Kristina Gjerde, Senior High Seas Advisor to the IUCN Ocean Team and Adviser to Schmidt Ocean Institute, wrapped up the event warning: “Nature is getting impatient: we are seeing many signs of ocean destruction and degradation and its impacts on humans on shore. A Universal Declaration of Ocean Rights provides a wonderful opportunity to galvanise human forces -humanity- to recognise our responsibility to one another and our kinship to the ocean and an opportunity to rally together as one to help to restore the health of the ocean.”
Co-organised by The Ocean Race, the Earth Law Centre, the Government of Cabo Verde, the Mirpuri Foundation, the Danny Faure Foundation and the Government of the Seychelles, the event was part of the 2022 UN Ocean Conference held in Lisbon, which aims to mobilise global support for an ocean besieged by the triple planetary crisis of climate change, biodiversity loss and rampant pollution.
Ahead of the session, The Ocean Race’s Relay4Nature initiative, developed with UN Secretary-General's Special Envoy for the Ocean, Peter Thomson, arrived to the shores of Portugal in the Mirpuri Foundation Racing Team boat for the UN Conference. Symbolised by Nature’s Baton, Relay4Nature champions the ocean and calls on leaders to take urgent action to protect nature. Connecting the world’s key environmental events, the Relay4Nature Baton was handed to actor Jason Momoa, recently appointed UNEP Advocate for Life Below Water.

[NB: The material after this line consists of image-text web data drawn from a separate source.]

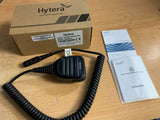 HYTERA SM26N2-P   SPEAKER MIC FOR HYTERA PD605 PD665 PD685 X1-P TWO WAY RADIO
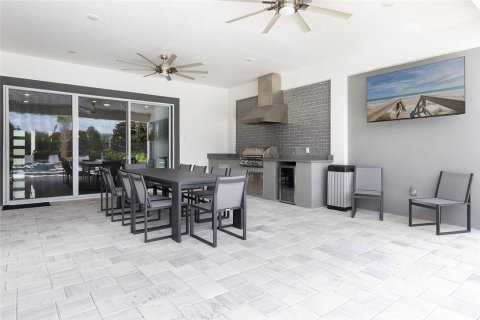 Villa ou maison à vendre à Kissimmee, Floride: 6 chambres, 425.68 m2 № 1154713 - photo 12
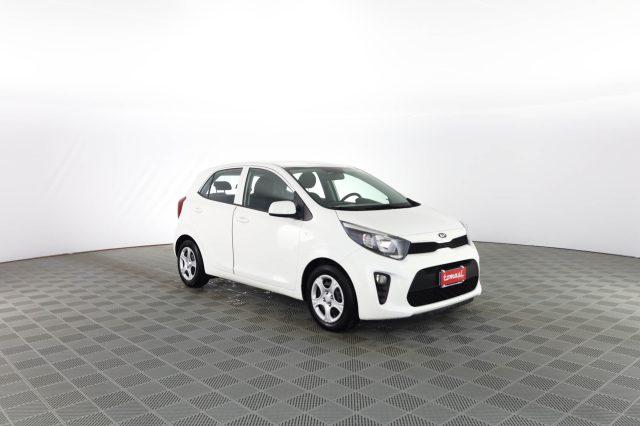 KIA Picanto Picanto 1.0 12V EcoGPL 5 porte Active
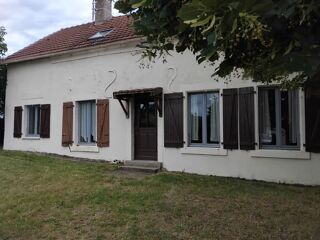  Maison � vendre 5 pi�ces 114 m�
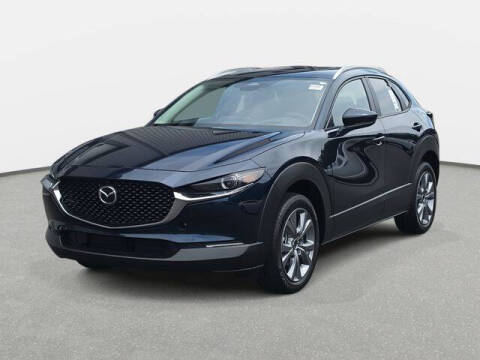 2026 Mazda CX-30 2.5 S Premium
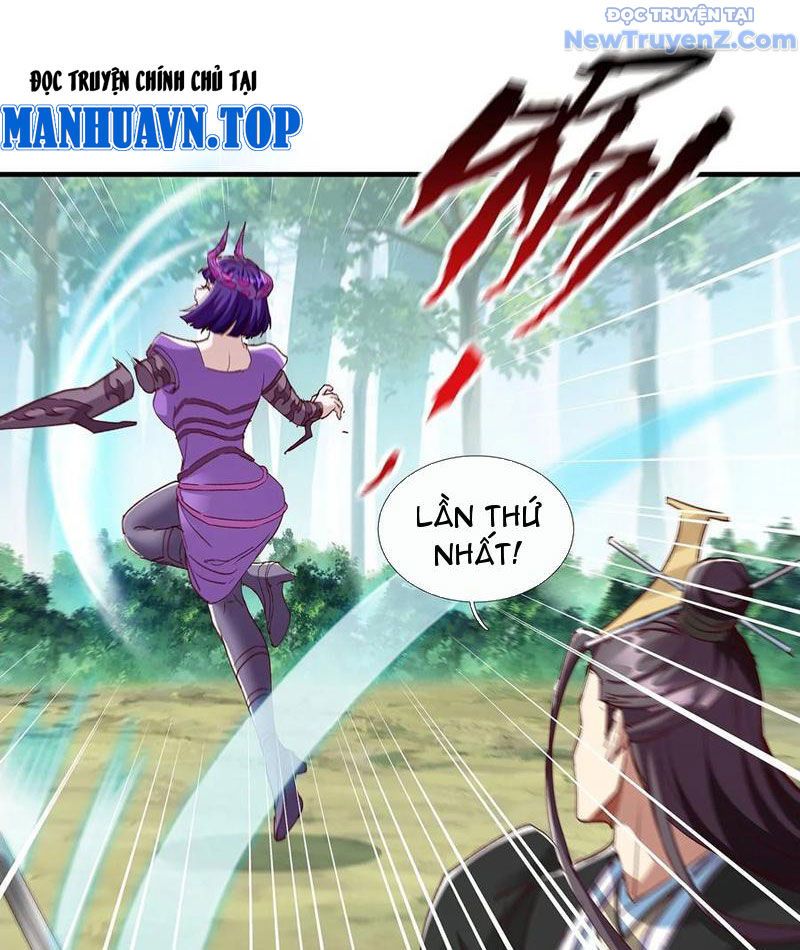 Hoá Ra Ta Là Lão Tổ Ma Đạo? Chapter 97 - Trang 2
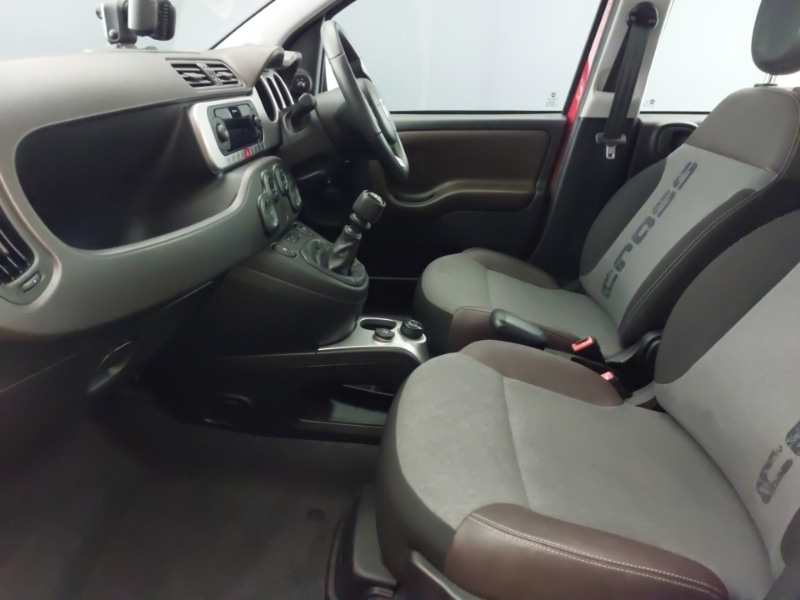 Used Fiat Panda 2017 for sale - 76407991: Photo 5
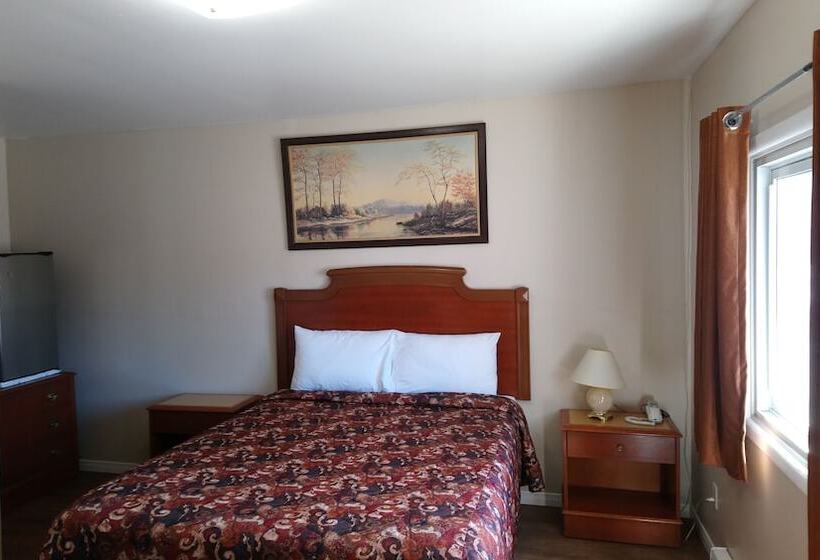 فندق Relax Inn Collingwood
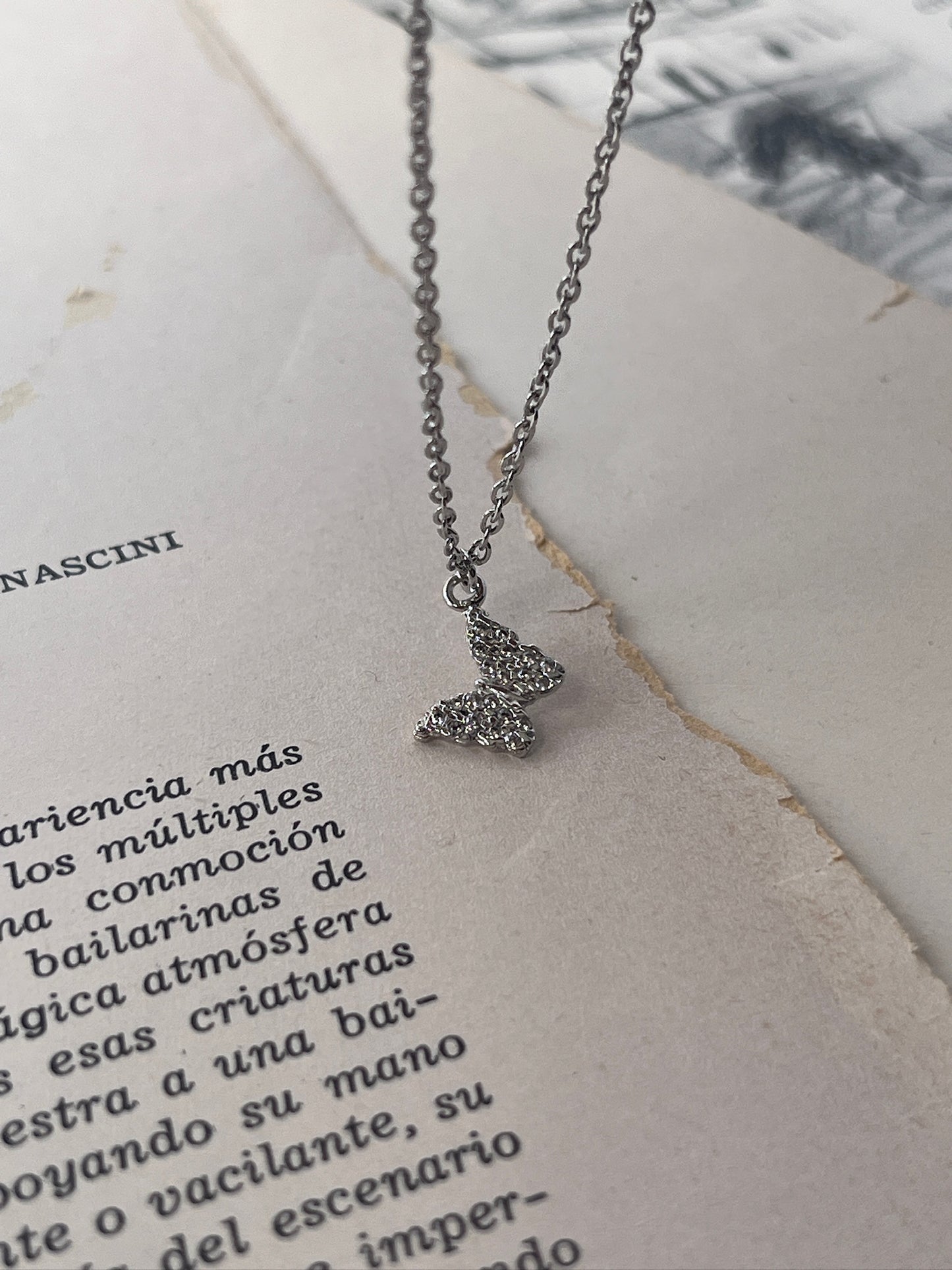 Collar Eterna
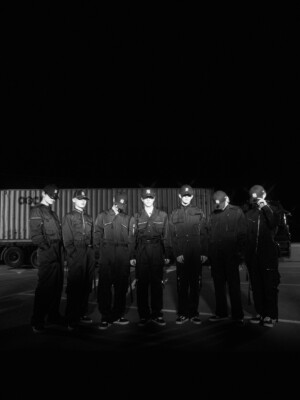 ENHYPEN MANIFESTO: DAY 1 Teaser Concept D Ver. Group ENHYPEN MANIFESTO: DAY 1 Teaser Concept D Ver. Group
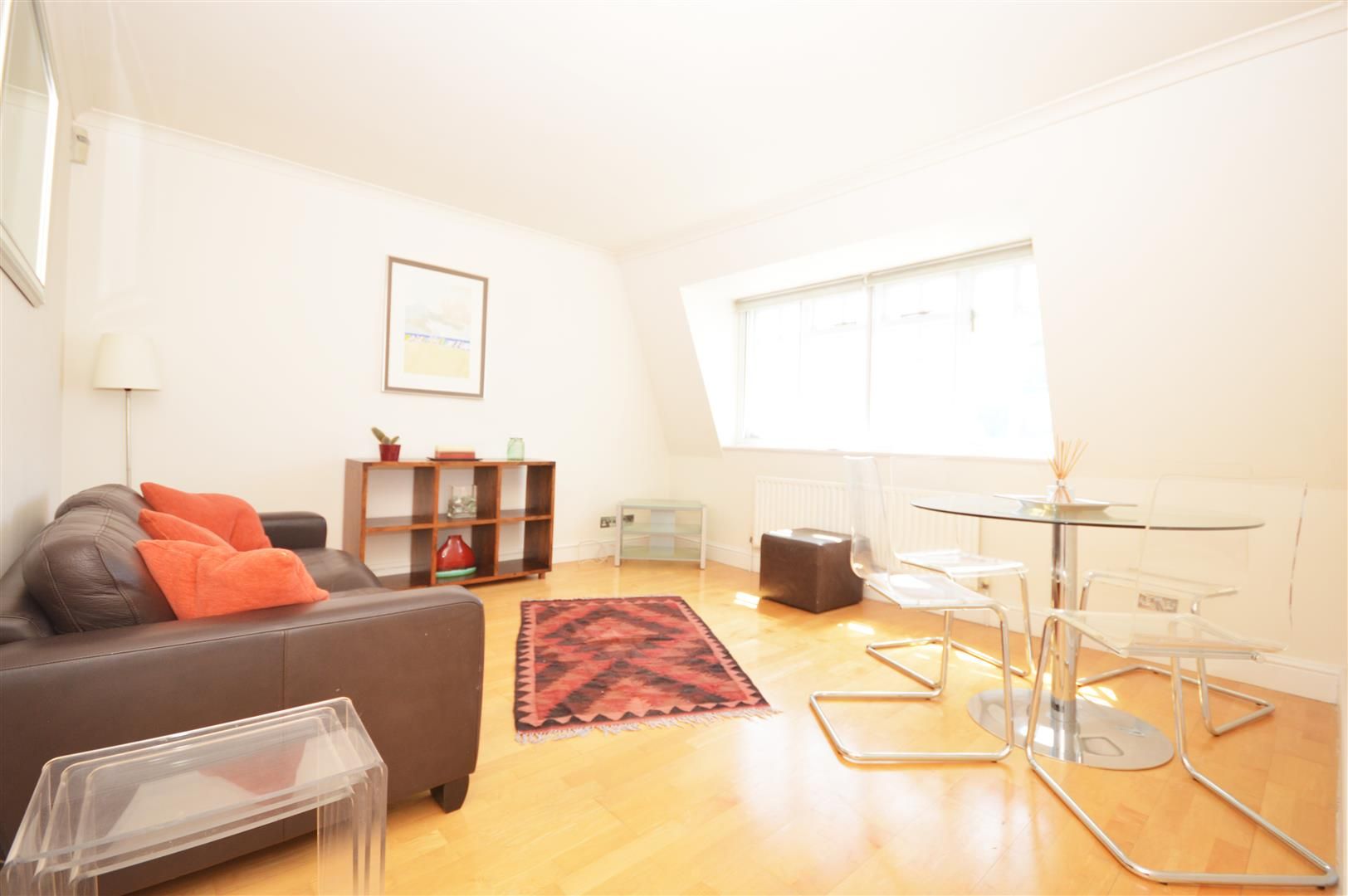 1 bed flat to rent in St. Helena Terrace, Riverside, Richmond TW9 Zoopla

Participation and engagement at leading environment conferences is an important part of The Ocean Race’s multi-award winning ‘Racing with Purpose’ sustainability programme, which brings together a range of tangible ways that we can have a positive impact on the marine environment. Working with 11th Hour Racing - the Founding Partner of the Racing with Purpose programme and a Premier Partner of The Ocean Race, The Ocean Race is holding high-level summits to drive global decision-makers to create policies to protect and govern the ocean, contributing vital data about the state of the seas to leading scientific organisations, equipping children with the knowledge to help the ocean and much more.